Performed at the New Harlem Besame restaurant and lounge located on Sugar Ray Robinson Way, this dinner theater production is a one-man biography of the legendary boxer, who was renowned for his litheness, power, and extravagant lifestyle outside the ring. Directed by Woodie King Jr., the play celebrates Robinson's legacy. Dinner is included in the ticket price; drinks are a la carte.
"Reginald L. Wilson exudes warmth, and that helps make a fairly good play quite a bit better...The play is primarily anecdotes and casual storytelling, and would be far less successful if done on a traditional stage...Scenes in which Robinson recalls his mother and where he remembers a conversation with Muhammad Ali are especially touching...While a tighter story line (and some nuance) would be welcome, the structure allows Mr. Wilson to hold the floor with ease."

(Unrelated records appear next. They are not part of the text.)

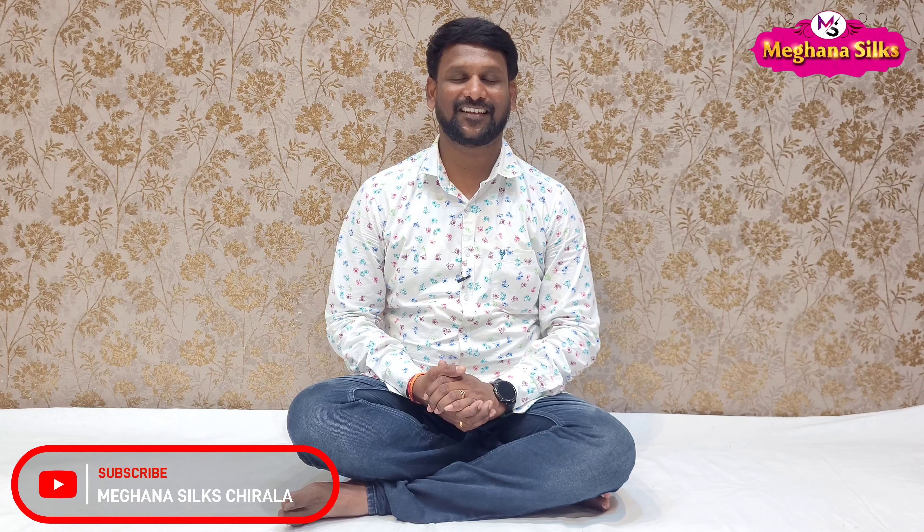Friends, welcome back to Meghna Silksandhi. This video features a very beautiful item. Click on the screen and check the description for our WhatsApp number. If you want to see more on our channel, subscribe and click on the bell icon. If you like the video, please like it.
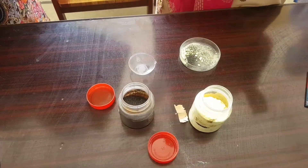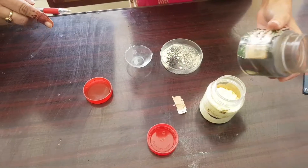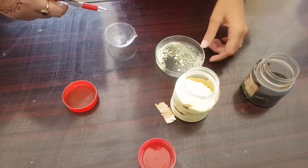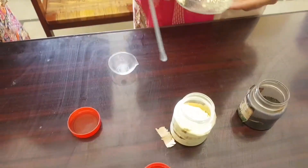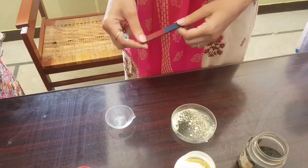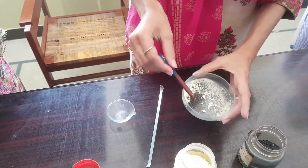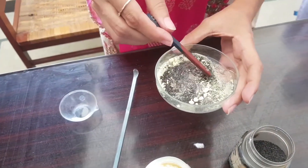I take a small quantity of the given mixture of iron fillings and sulfur in a china dish and watch glass. Now I take a magnet and move the magnet into the mixture. The magnet picks up the iron fillings.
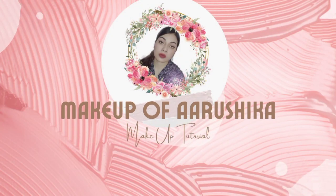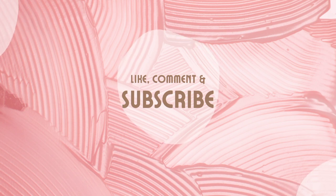Hello everyone, welcome back to my channel, Makeup of Arish Kha. I hope you all are doing well. If you are new to my channel, please subscribe and like my channel.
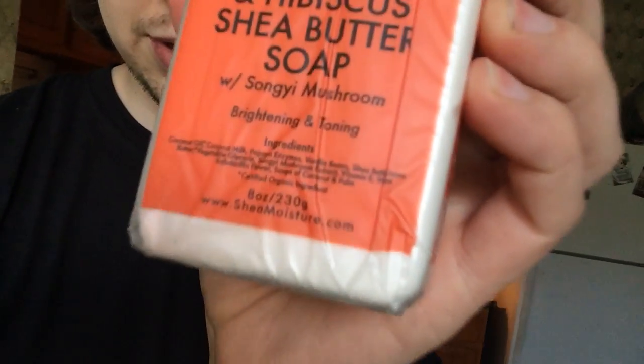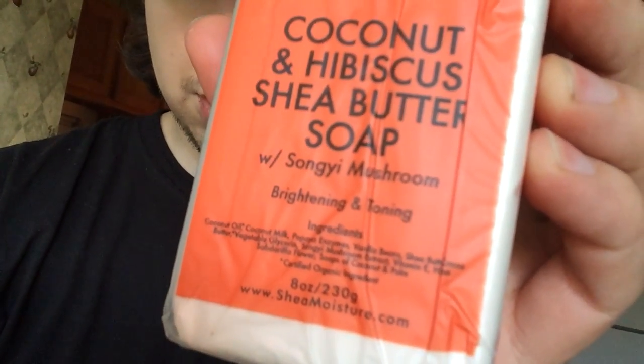You guys can see the ingredients list there. And on the side it says: SheaMoisture's Coconut and Hibiscus Collection is a bounty of nutrient-rich tropical ingredients high in vitamins, minerals, and fatty acids working together to stimulate collagen production, improve skin firmness, and naturally smooth wrinkles. The anti-inflammatory and antioxidant properties of the hibiscus flower help to maintain skin elasticity, improve skin tone, and offer anti-aging effects.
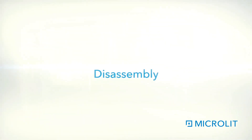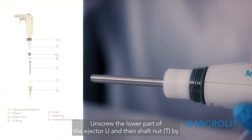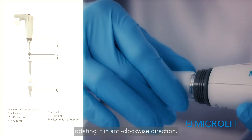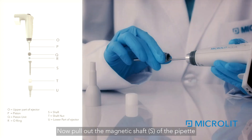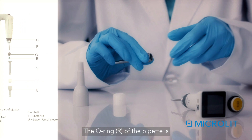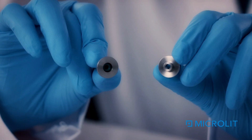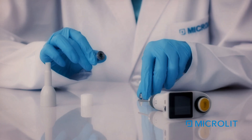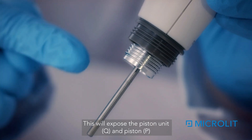Disassembly: Unscrew the lower part of the ejector and then the shaft nut by rotating it in an anti-clockwise direction. Now pull out the magnetic shaft S of the pipette. The O-ring R of the pipette is inside the shaft S — change the O-ring only if required. This will expose the piston unit Q and piston P.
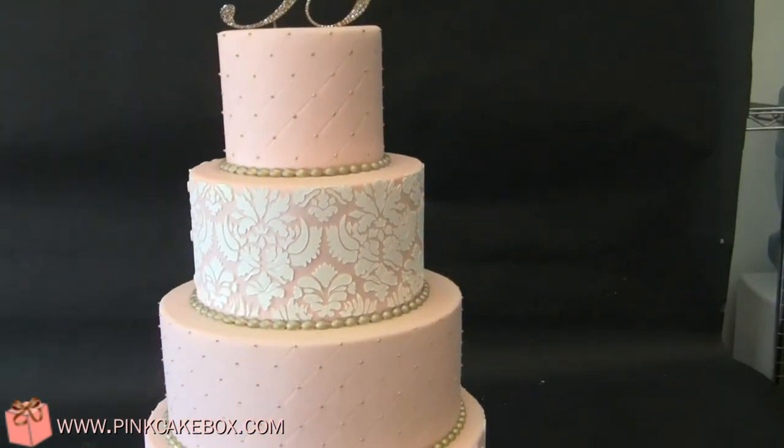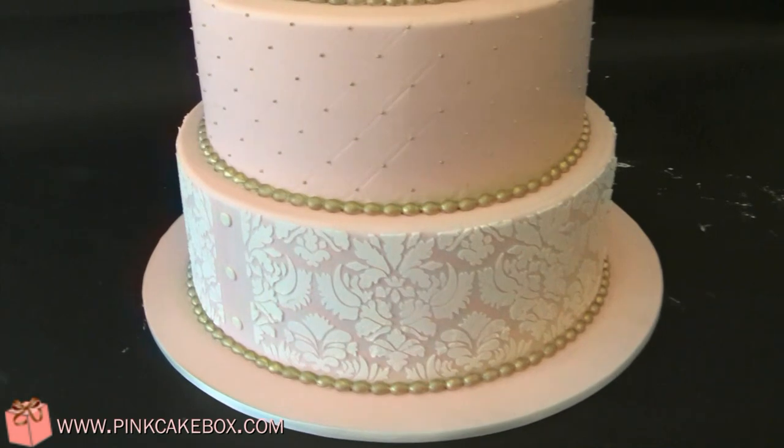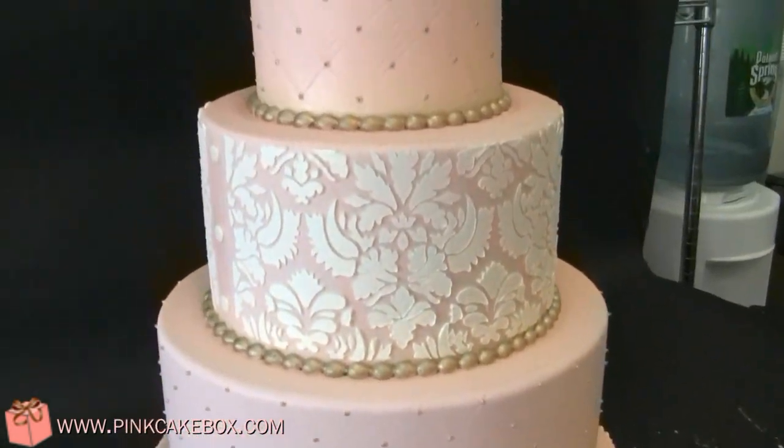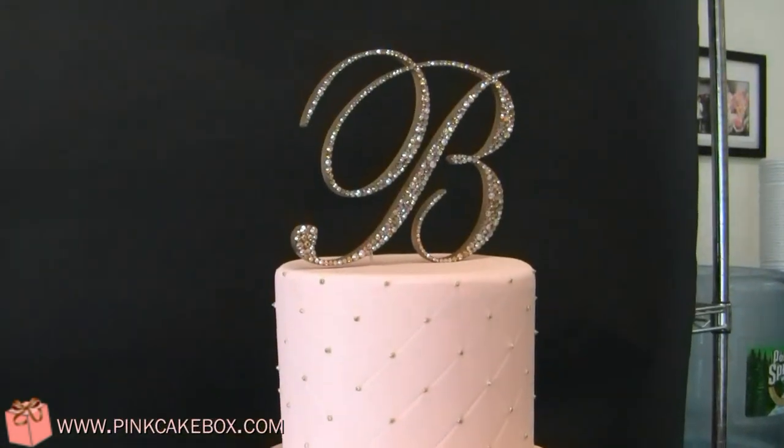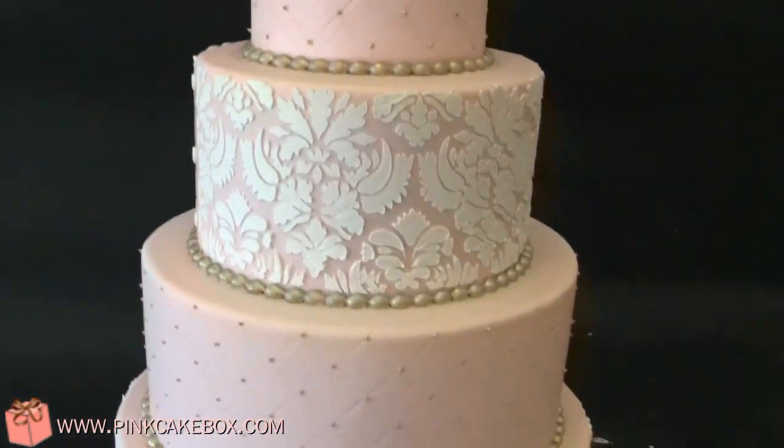We have a four-tier wedding cake. It's blush pink with a white damask stencil. We have some gold Swiss dots in the corners of the quilting, gold piped pearls, and a crystal bee on top.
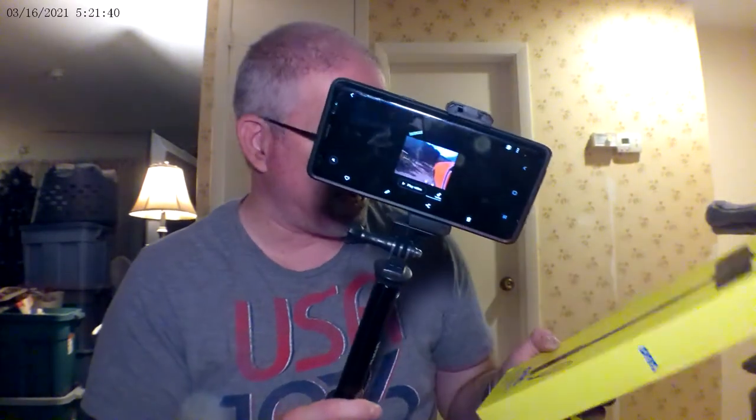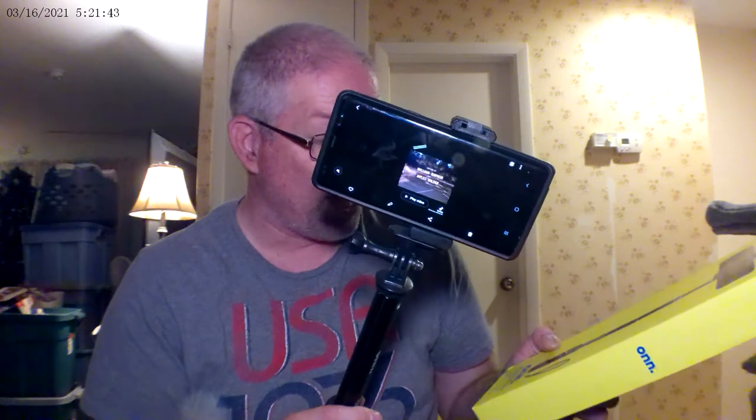This is a GoPro Hero 6. I don't know if the Bluetooth shutter remote is compatible with this — I'll have to look into it. I'm not sure if it is, but I'll have to check. So otherwise, that's it for this video.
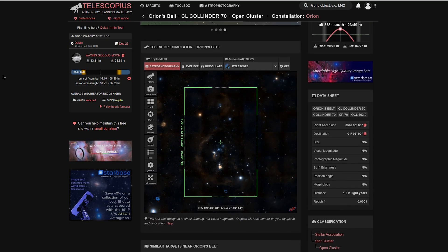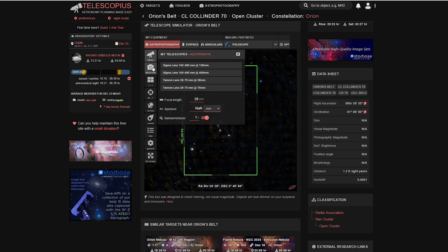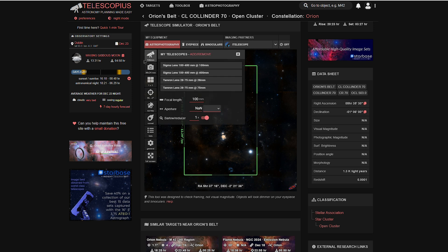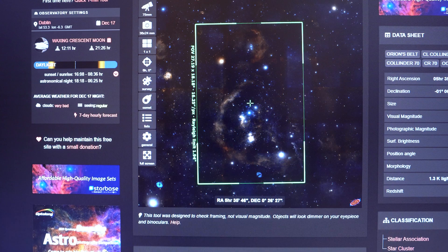So instead I looked into photographing Orion at different focal lengths and came across this website called Telescopius. It's an absolutely wonderful website. You enter in what you want to photograph, the sensor size, the focal length, the f-stop, and it gives you an idea of what you can capture in your frames. Shooting at 75mm at f2.8, I should be able to capture a scene that would be absolutely tremendous. I'll shoot in portrait orientation and try to recreate that. I'll pop a link in the description — a wonderful resource.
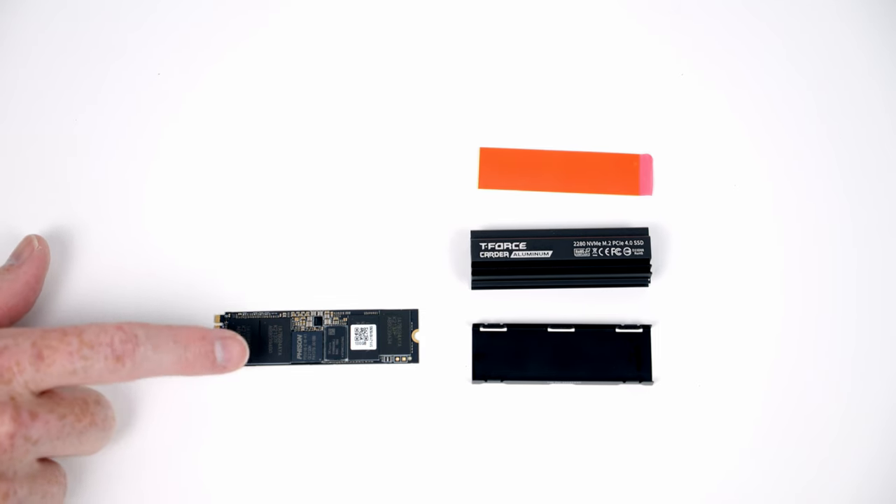Set the motherboard into the case lining up with the standoffs beneath, then secure it with nine screws from the accessory bag. The next thing to do is get our case cables plugged in. The HD audio cable goes into the header at the bottom left-hand side of the motherboard, brought through the cutout.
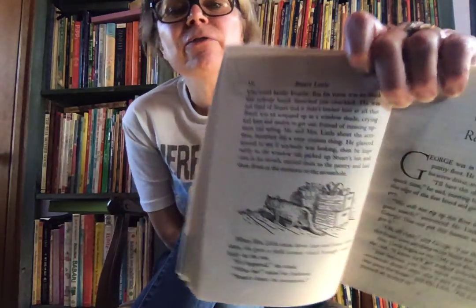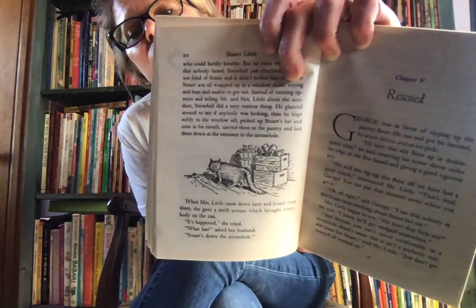He glanced around to see if anybody was looking, then he leapt softly to the windowsill, picked up Stuart's hat and cane in his mouth, and carried them to the pantry and laid them at the entrance to the mouse hole. When Mrs. Little came down later and found them there, she gave a shrill scream, which brought everybody on the run. "It's happened!" she cried. "What has?" asked her husband. "Stuart's down the mouse hole!" And that is the end of the chapter, but I do have a little picture of Snowbell up to no good. The next chapter, Chapter 5, is called Rescued, and we will hear that one tomorrow.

"As directed by the Federal Theater’s Woodie King Jr., Wilson’s one-man monologue of Robinson’s life shows a different kind of superstar...Wilson portrays Robinson as a man proud of his extraordinary achievements, yet all too aware of his place in society. This illustrated the frustrating thing about Robinson’s life, and the play that depicted it...'Sugar Ray' is a collaboration between some greats of African-American culture."
"Via his outstanding talent, actor Reginald L. Wilson, brought the one-man play alive with considerable verve, wit and humor. I certainly learned more about Sugar Ray's life than I knew formerly, and what an interesting life the charismatic ladies man and thrice-married boxer led. Through his performance, Wilson introduced the diners to the personalities of Joe Louis and Muhammad Ali, and the multiple individuals that Sugar Ray fought in his illustrious career."
"The play is primarily casual storytelling, recounting the boxer’s tempestuous teenage years, his womanizing, his three marriages, his major bouts, his retirement and his eventual comeback...Wilson’s 'stage' is the entire dining room. Amid the tables and aisles, he occasionally ad-libs in response to audience members, refills diners’ water glasses, and comments on the black and white fight films that are projected onto a screen...Mr. Wilson embodies Robinson admirably."